La situation du régime des intermittents du spectacle « n’est pas soutenable »

La Lettre AFC n°218

Le Monde, 9 février 2012
Le régime d’assurance-chômage des artistes et des techniciens du spectacle est, une nouvelle fois, dans le collimateur de la Cour des comptes. La réforme de 2003 a beau avoir rendu plus restrictives les conditions d’accès aux annexes 8 (techniciens) et 10 (artistes) de l’Unedic, rien n’y fait, souligne la Cour : le nombre d’intermittents indemnisés au moins une fois dans l’année continue d’augmenter, et leur nombre est passé de 102 223 en 2007 à 106 619 en 2010.

Le déficit, quant à lui, s’établit à 1,031 milliard d’euros en 2010, un niveau stable depuis 2007. La situation « n’est pas soutenable » vu l’état actuel des finances publiques, souligne la Cour, qui pointe « la persistance d’une dérive massive ».
Si l’impact sur le déficit est limité, c’est parce que l’on observe un net recul du nombre d’heures travaillées déclarées : de 65,9 millions en 2007 à 59,5 millions en 2009. Cette baisse traduit une certaine paupérisation des intermittents.

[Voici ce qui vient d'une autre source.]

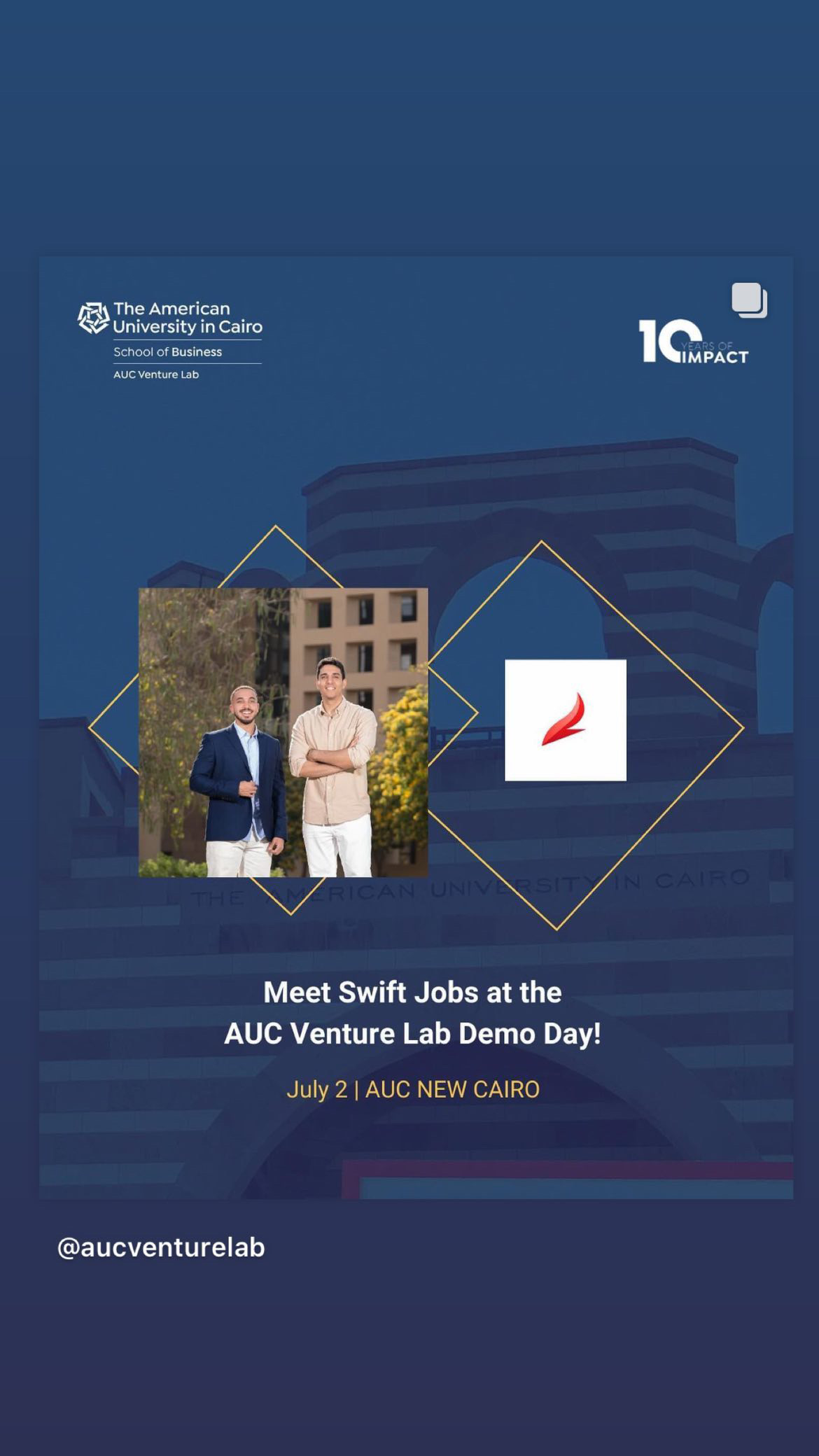 AUC Venture Lab Demo Day: Meet Swift Jobs
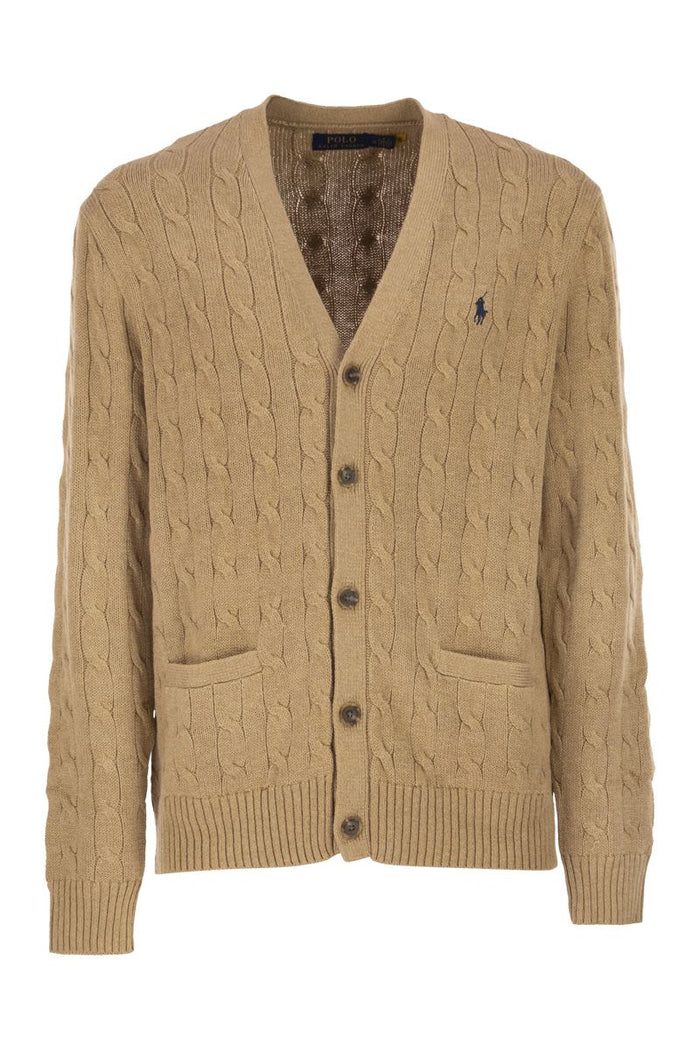 Polo Ralph Lauren Cotton Cable Knit Cardigan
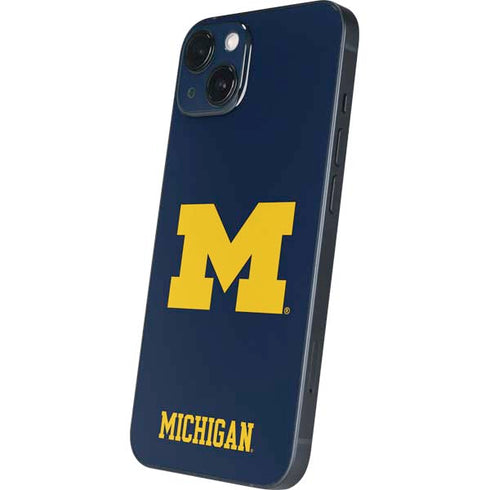 University of Michigan M Logo iPhone 15 Plus Skin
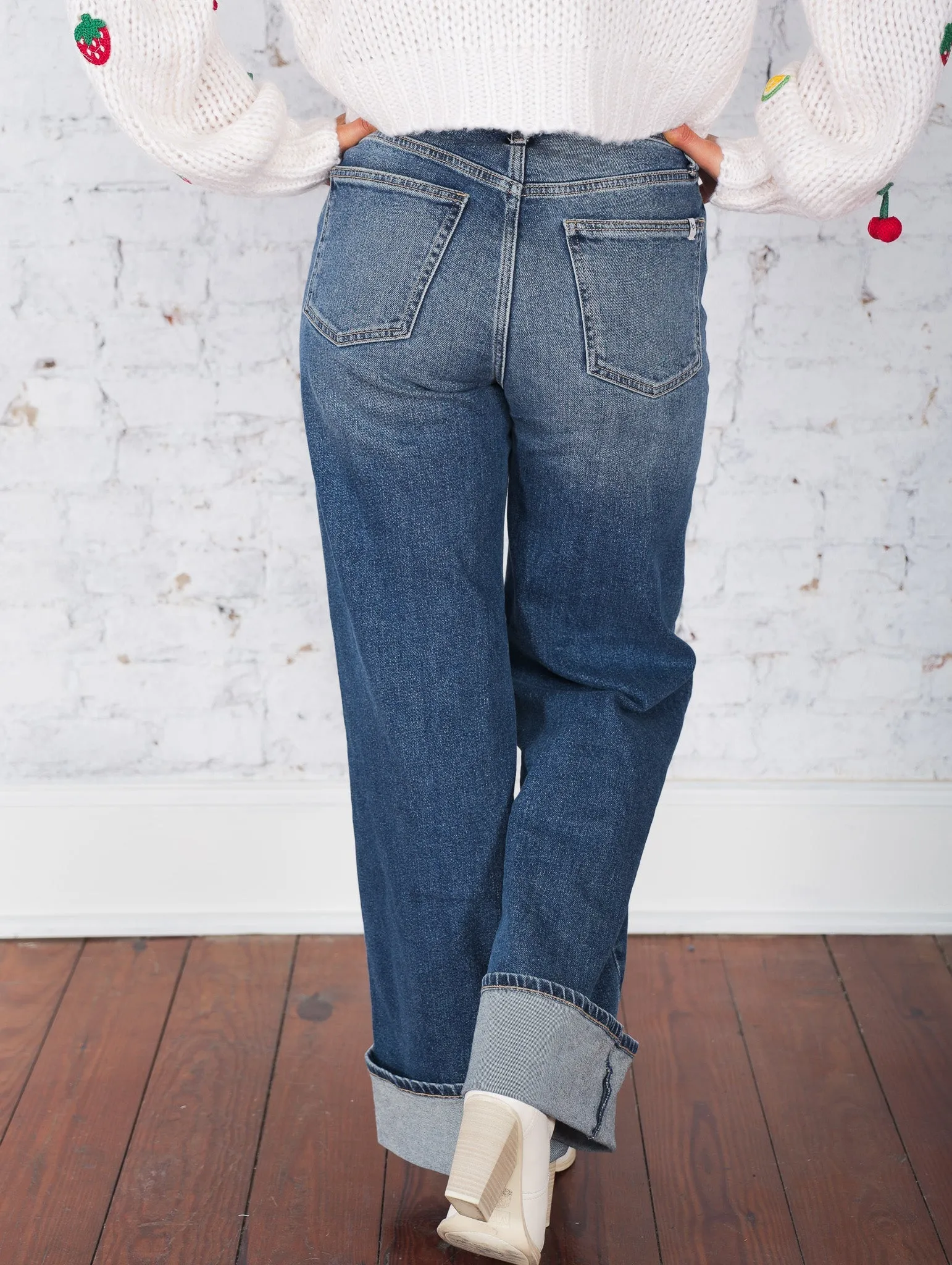 Back In Town Wide Leg Jeans
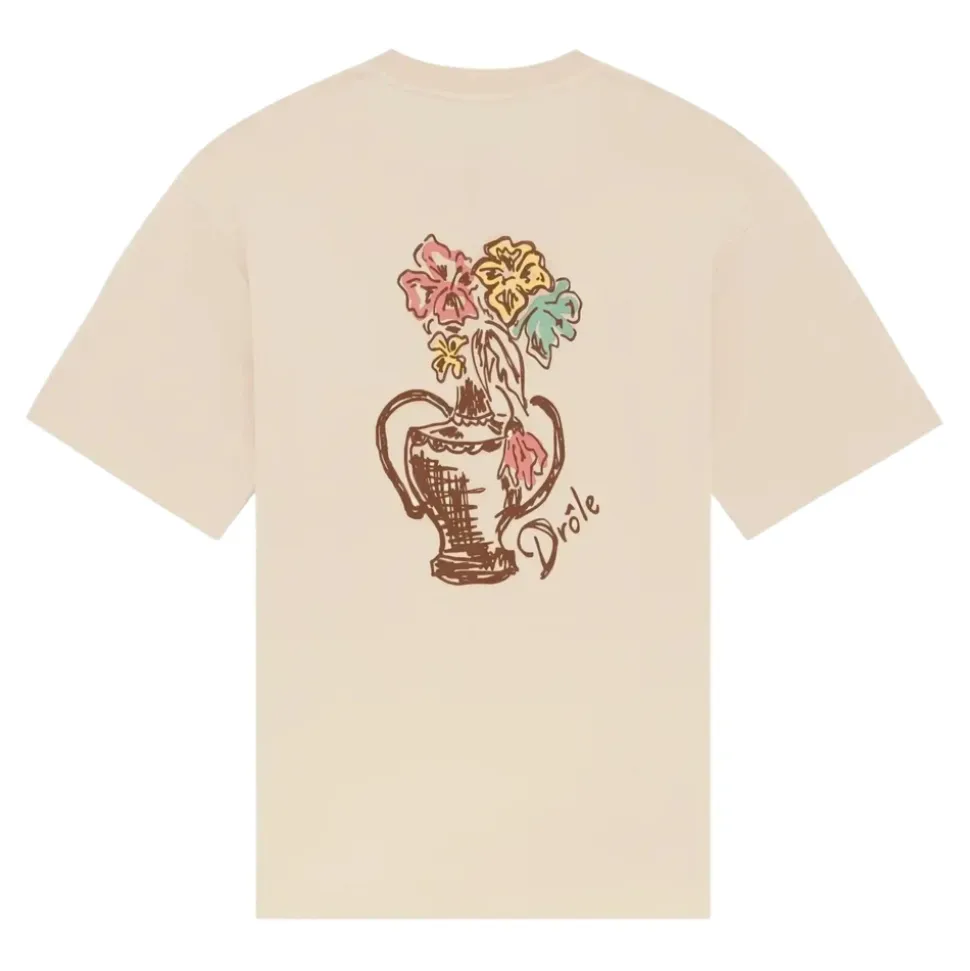 D Hibiscus Brodée T-shirt
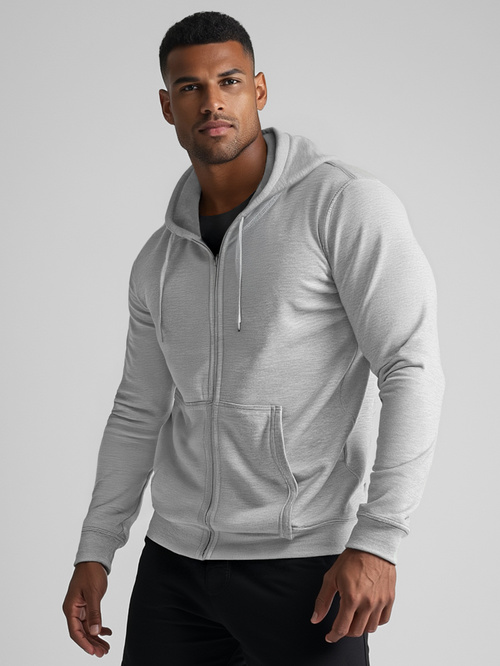 Men's Hoodie - Grey OZONEE JS/2008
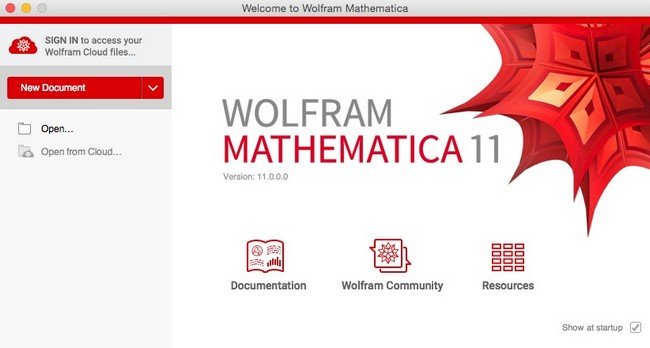 Wolfram Mathematica 11.1.0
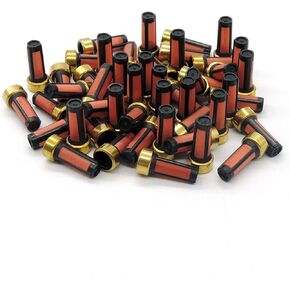 HiSport Fuel Injector Seal Kits Filter Baskets [6mm x 3mm x 13.8mm] Universal Repair Set CF104B [50 Pcs]
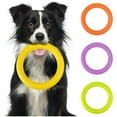 thumbnail image 1 of SPRING PARK Dog Training Ring Fitness Tool Flying EVA Interactive Pet Toy for Small Medium Large Dogs, 1 of 8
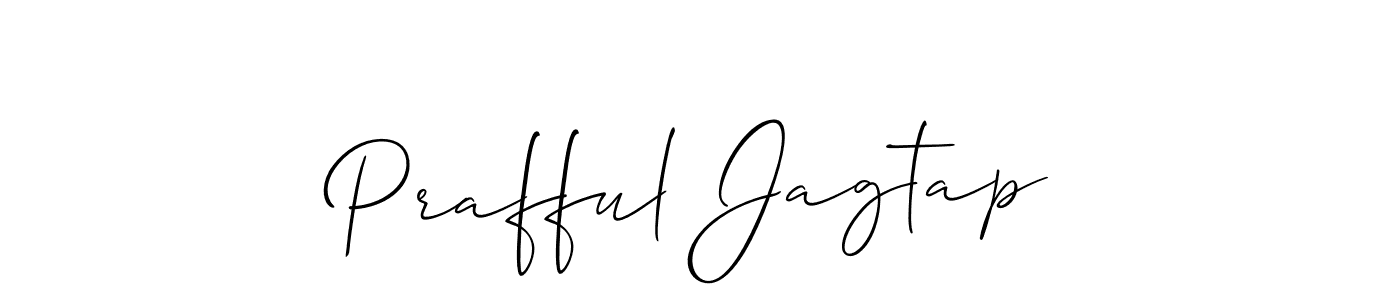 Similarly Allison_Script is the best handwritten signature design. Signature creator online .You can use it as an online autograph creator for name Prafful Jagtap. Prafful Jagtap signature style 2 images and pictures png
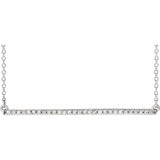 Diamond Bar Necklace
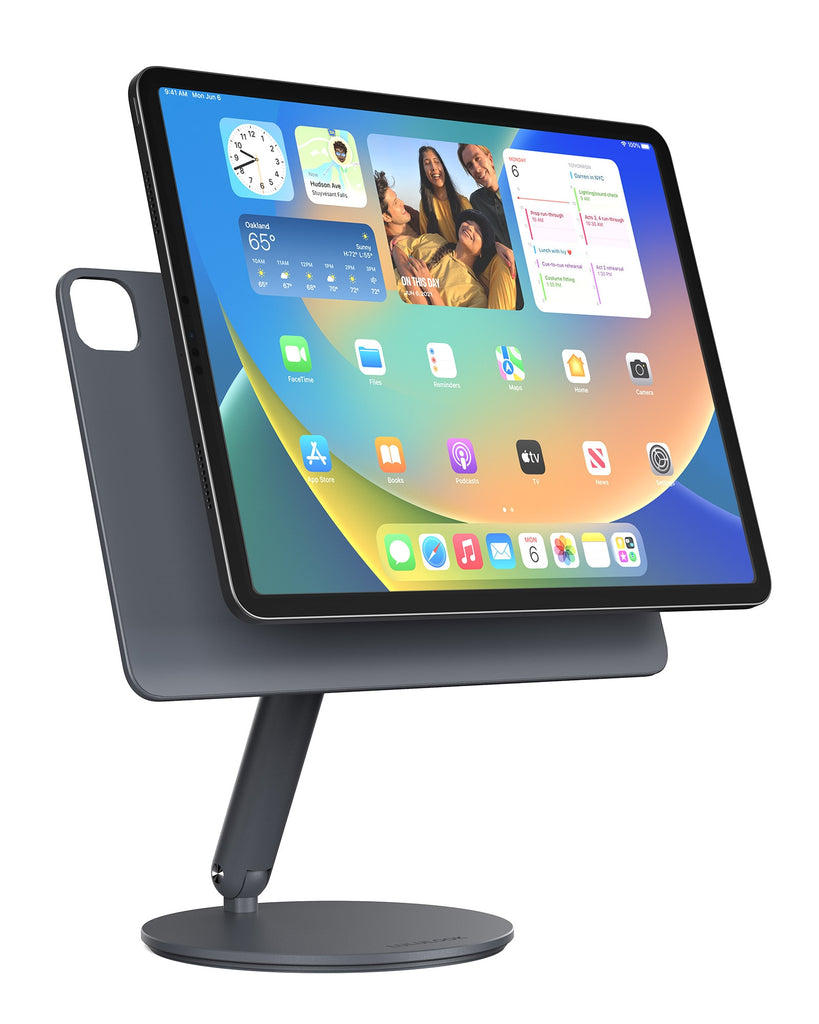 LULULOOK Magnetic Stand For iPad Pro,360° Rotation Base Adjustable Foldable Holder For iPad Pro 12.9/11 iPad Air 5/4th Bracket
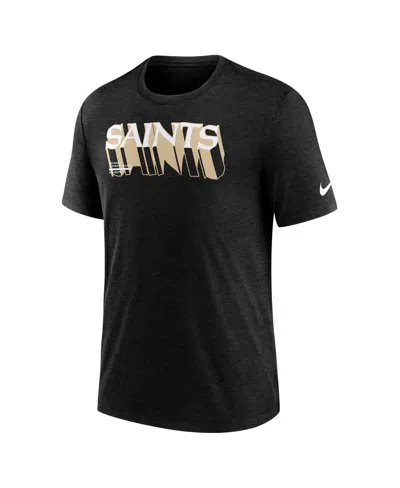 Nike New Orleans Saints Long Pass  Men's Nfl T-shirt In Black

Pratique de la " permittence "
Quant au fonds de solidarité de l’Etat destiné à aider les intermittents les plus fragiles, il ne concerne plus que 9 094 personnes, et n’engendre que de faibles dépenses (9,3 millions d’euros).
La Cour des comptes dénonce encore la pratique de la " permittence ", qui consiste à employer de façon permanente ou quasi-permanente un intermittent, chacun des protagonistes y ayant intérêt. Ce phénomène concernait 15 % au moins des bénéficiaires des annexes 8 et 10, notait déjà la Cour en 2007. Le rapport propose d’y remédier, en augmentant les cotisations sociales des employeurs en fonction du recours au travail intermittent.
Autre sujet délicat, faut-il traiter différemment les artistes et les techniciens, les premiers étant dans une situation sociale plus fragile que les seconds ? La Cour des comptes l’affirme, en creux. Les artistes doivent réaliser 507 heures en dix mois et demi pour bénéficier de l’assurance-chômage (pendant 243 jours), tandis que les techniciens doivent réaliser les 507 heures en dix mois seulement.

Serpent de mer
Il faut poursuivre dans cette différenciation, selon la Cour des comptes : il apparaît de plus en plus difficile de maintenir au profit des techniciens « des règles aussi éloignées que celles applicables, par exemple, aux travailleurs intérimaires », dit-elle.
La proposition de faire basculer les techniciens dans l’annexe 4 des intérimaires, aux conditions d’accès plus restrictives, est un serpent de mer. En réponse, dans le rapport, les ministères du travail et de la culture émettent des réserves. Seule Valérie Pécresse, chargée du budget, « partage » le constat de la Cour sur « l’alignement » du traitement des techniciens sur celui des intérimaires.
De même, elle se dit favorable à la hausse des cotisations pour lutter contre l’intermittence. Mais il n’est pas sûr qu’en période de campagne électorale, les candidats prennent le risque d’ouvrir un dossier si sensible.